§ Dataset:
※

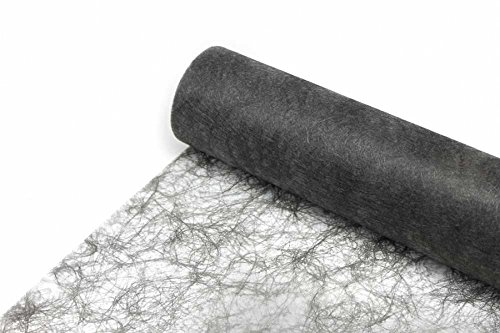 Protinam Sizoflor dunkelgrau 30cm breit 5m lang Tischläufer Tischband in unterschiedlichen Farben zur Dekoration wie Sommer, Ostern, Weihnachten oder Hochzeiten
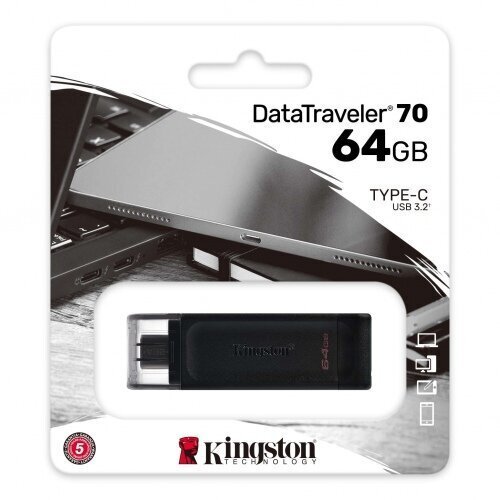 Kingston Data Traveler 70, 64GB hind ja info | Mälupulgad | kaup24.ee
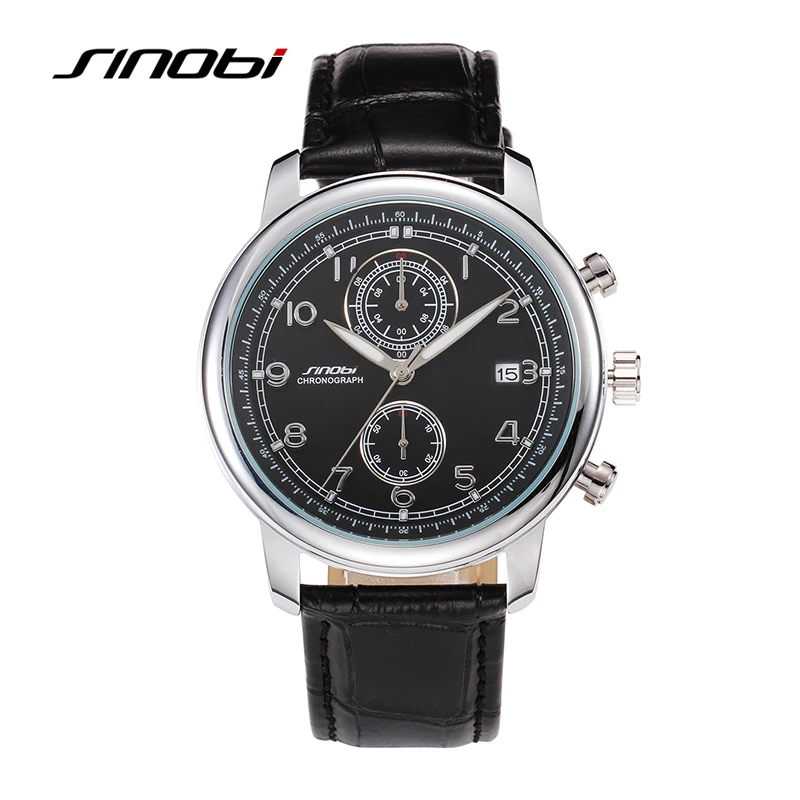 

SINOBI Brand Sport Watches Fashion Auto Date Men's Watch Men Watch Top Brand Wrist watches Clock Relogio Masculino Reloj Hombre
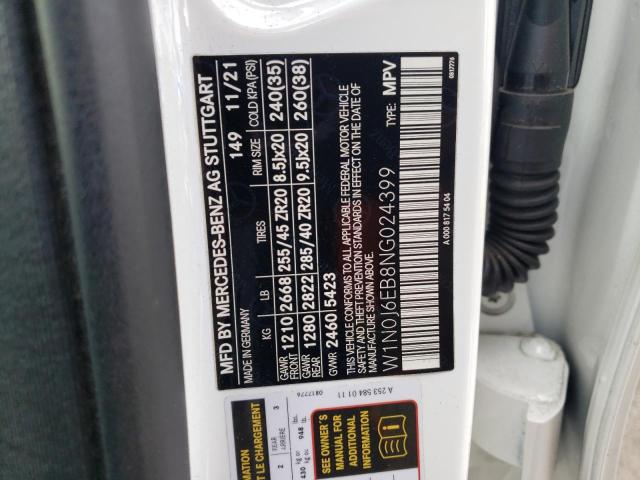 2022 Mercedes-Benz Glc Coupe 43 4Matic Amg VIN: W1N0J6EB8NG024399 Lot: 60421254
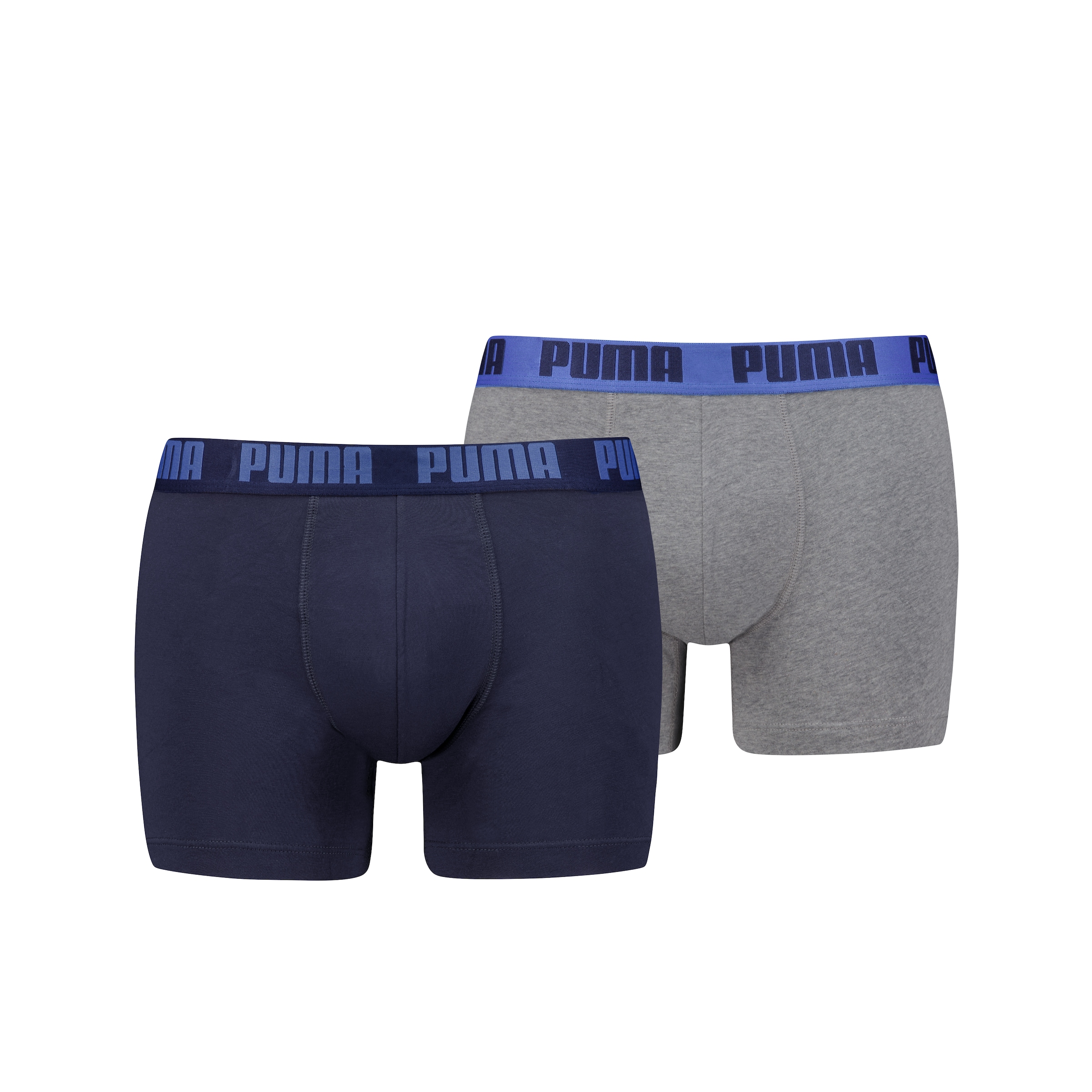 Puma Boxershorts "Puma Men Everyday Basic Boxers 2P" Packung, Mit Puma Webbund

※

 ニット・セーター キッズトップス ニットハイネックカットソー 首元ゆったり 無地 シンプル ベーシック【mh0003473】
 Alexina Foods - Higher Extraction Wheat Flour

※

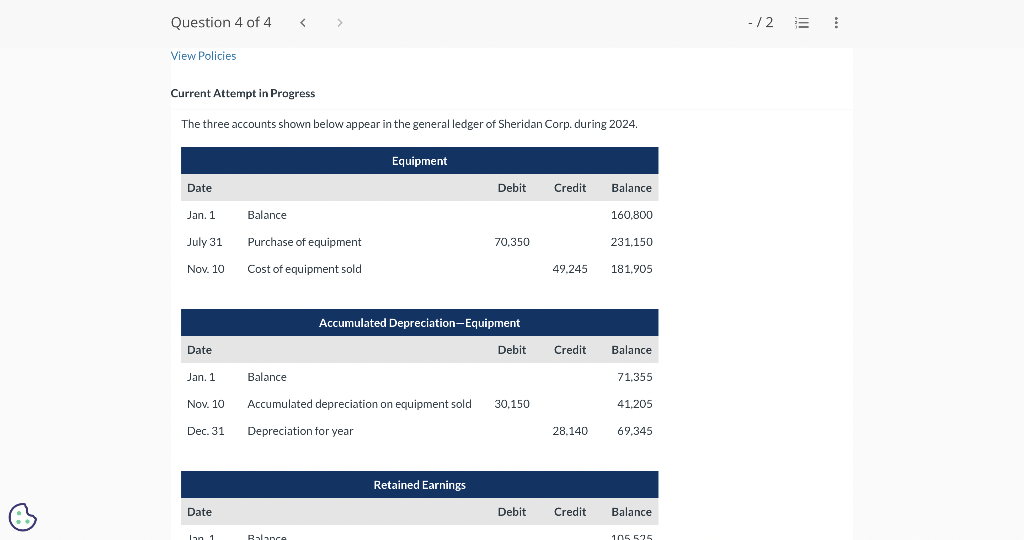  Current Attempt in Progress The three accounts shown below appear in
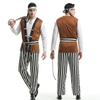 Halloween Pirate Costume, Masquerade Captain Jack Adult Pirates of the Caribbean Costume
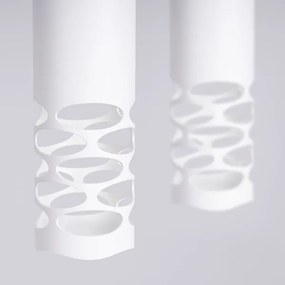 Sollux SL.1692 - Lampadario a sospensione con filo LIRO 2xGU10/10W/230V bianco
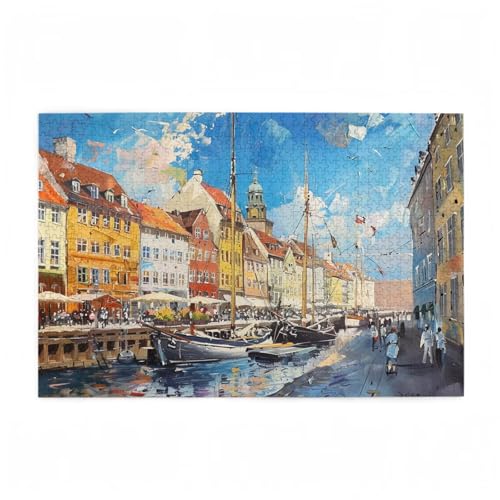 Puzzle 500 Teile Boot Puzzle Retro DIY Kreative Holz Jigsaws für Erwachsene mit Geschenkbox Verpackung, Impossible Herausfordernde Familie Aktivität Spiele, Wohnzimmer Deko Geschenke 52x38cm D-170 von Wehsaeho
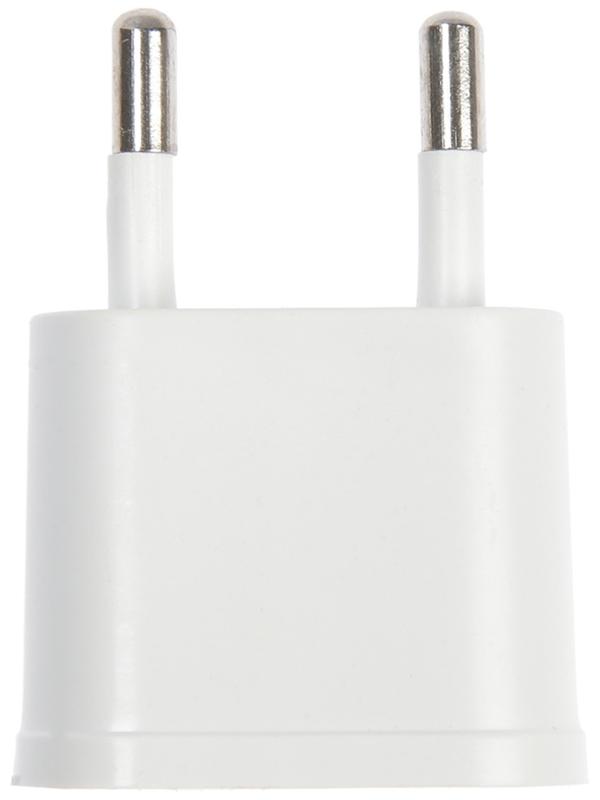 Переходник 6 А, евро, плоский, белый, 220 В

※

§ Your objective: Within the listing above, extract exactly the lines that run from the one containing "Protinam Sizoflor dunkelgrau" through the one containing "Mit Puma Webbund", excluding any pictures.

§ Task result:
 Protinam Sizoflor dunkelgrau 30cm breit 5m lang Tischläufer Tischband in unterschiedlichen Farben zur Dekoration wie Sommer, Ostern, Weihnachten oder Hochzeiten
 Kingston Data Traveler 70, 64GB hind ja info | Mälupulgad | kaup24.ee

SINOBI Brand Sport Watches Fashion Auto Date Men's Watch Men Watch Top Brand Wrist watches Clock Relogio Masculino Reloj Hombre
 2022 Mercedes-Benz Glc Coupe 43 4Matic Amg VIN: W1N0J6EB8NG024399 Lot: 60421254
 Puma Boxershorts "Puma Men Everyday Basic Boxers 2P" Packung, Mit Puma Webbund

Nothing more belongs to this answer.